Pierre Bonnard is looking at his wife in the bath for the zillionth time. He will finish the picture in 1946, the year before his death at age 80. By then his wife Marthe, who was only two years younger than he, will have been dead for four years. But he is still imagining and painting her with the body of a 30-year-old. No wonder the bath in which she floats, or is embalmed, has reminded writers of a coffin.
The current Bonnard show at the Museum of Modern Art in Manhattan, which includes this painting and some 80 others, is a compressed version of a larger affair organized last year by art historian Sarah Whitfield at the Tate Gallery in London, and although it suffers somewhat from the absence of some paintings and omits his drawings and early poster designs altogether, the absence is tolerable. What matters is to have Bonnard in view again. He's one of those modernist masters who seem to keep slipping in and out of focus, not unlike some of the objects in his paintings. He doesn't have the commanding presence in modern art history that Picasso or Matisse has, though in some ways he was as great a painter. Each generation has to discover him for itself, and each time he's a surprise.
Bonnard's critics--including Picasso, who dismissed his art as "a potpourri of indecision"--have often made the mistake of treating Bonnard as a mere hedonist, with his beautiful color and apparent lack of conceptual underpinning. In this they have been wrong. There was nothing stupid or foolishly pleasurable about Bonnard's work. But Whitfield is right to see Bonnard as an elegiac artist: "He is not a painter of pleasure. He is a painter of the effervescence of pleasure and the disappearance of pleasure."

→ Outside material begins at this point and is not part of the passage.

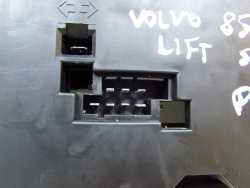 VOLVO 850 LIFT 91-96 LAMPA TYL PRAWA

Bonnard began his career as a member of a young dissident group called the Nabis, or Prophets, that had formed in 1889 in Paris. They believed in taking art down to its essential flat patches of color, strong boundaries, tapestry-like abutments of form and a general emphasis on the decorative. Their prototypes came from Japanese prints and the influence of Paul Gauguin. And they had close ties to Symbolism. Their literary god was the poet Stephane Mallarme, who had conceived of poetry as a structure of words and absences: "To conjure up the negated object, with the help of allusive and always indirect words, which constantly efface themselves in a complementary silence." This was very close to the effect of Bonnard's still lifes and interiors, with their incessant qualification of color within color; their exquisite play of large, vague shapes and smaller, intensely worked ones; and their sense of the instability of perception.